■ **Work instructions**: Each line of the material is to be written out exactly.

■ **Dataset section**:
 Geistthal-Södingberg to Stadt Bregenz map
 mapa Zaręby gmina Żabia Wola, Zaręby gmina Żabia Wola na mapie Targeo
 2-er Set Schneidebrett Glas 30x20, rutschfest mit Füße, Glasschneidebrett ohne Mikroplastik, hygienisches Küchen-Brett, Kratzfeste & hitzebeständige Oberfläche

■ **Answer area**:
 Geistthal-Södingberg to Stadt Bregenz map
 mapa Zaręby gmina Żabia Wola, Zaręby gmina Żabia Wola na mapie Targeo
 2-er Set Schneidebrett Glas 30x20, rutschfest mit Füße, Glasschneidebrett ohne Mikroplastik, hygienisches Küchen-Brett, Kratzfeste & hitzebeständige Oberfläche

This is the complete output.